With crunch time looming on the continuation of providing fire protection in half of its area, Ponoka County has decided it needs to take action and is moving forward on ensuring its eastern residents will have a fire service that can respond if needed.
County council approved a motion at its meeting on Tuesday, Nov. 10 that will see the creation of what is being called the Ponoka East County Regional Fire Department as well as passing motions, effective Jan. 1, 2016, that will see responsibility for invoicing of fire department service calls on area highways in the county. In addition, the new Regional Fire Chief Dennis Jones – who will officially take over his duties on Nov. 30 – has been given the authority to conduct random audits on all fire calls in the county come the new year.
Council was also told the consultant who assisted the county during the hiring process for Jones has been retained to conduct a full review of what the regional fire department organization should look like – from its structure to necessary equipment and right down to the bylaws that currently govern the county’s fire protection services.
According to Ponoka County chief administrative officer (CAO) Charlie Cutforth, the motions and the review are all about ensuring that the county can provide efficient and effective fire protection services to its residents in the event that an agreement on bringing the Ponoka Fire Department into the regional fire department model isn’t completed before the former fire protection agreement between the county and Town of Ponoka ends next April.
“What it all boils down to is we are proceeding with establishing a district fire department so the county can be ready to provide residents with the service they expect should our current agreement expire before a new one can be completed,” Cutforth explained in an interview last week.

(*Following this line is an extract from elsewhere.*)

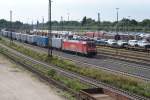 185 209-4 brachte am 07.07.2009 einen Containerzug in den Seelzer Rbf.hier bei der Einfahrt.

“We understand that town has their own issues to deal with and by doing this, it lets them come back to us when they are ready.”
He added council came to this conclusion following some lengthy discussions with its new regional fire chief and the consultant.
“Through our discussions, it was made quite clear to council by both Dennis (Jones) and our consultant that there isn’t a lot of time left to get organized in case that agreement expires without something else in place,” Cutforth stated.
“And if there is a need for us to have to provide our own fire protection services, then we needed to begin planning now to make certain we had our own department in place to ensure the safety of our residents.”
Including in the planning is nailing down what equipment they currently own – which includes one pumper unit presently being used and housed at the Ponoka Fire Department, sourcing out possible volunteer firefighting personnel (which may include previous or current firefighters that live in the area), to staff the department, purchasing the necessary gear, hoses and other firefighting/rescue equipment to supply the department, finding a temporary location for a fire hall and potentially having to negotiate with the Town of Ponoka regarding the allocation of or compensation for the presently shared-ownership of several units currently stored at the Ponoka Fire Department.
However, Ponoka County’s preference is to have an agreement signed, sealed and delivered on a regional fire protection service with the town before ever having to take the step – and the expense – of going that route. The only problem is time is quickly running out with the present agreement expiring on Apr. 28, 2016.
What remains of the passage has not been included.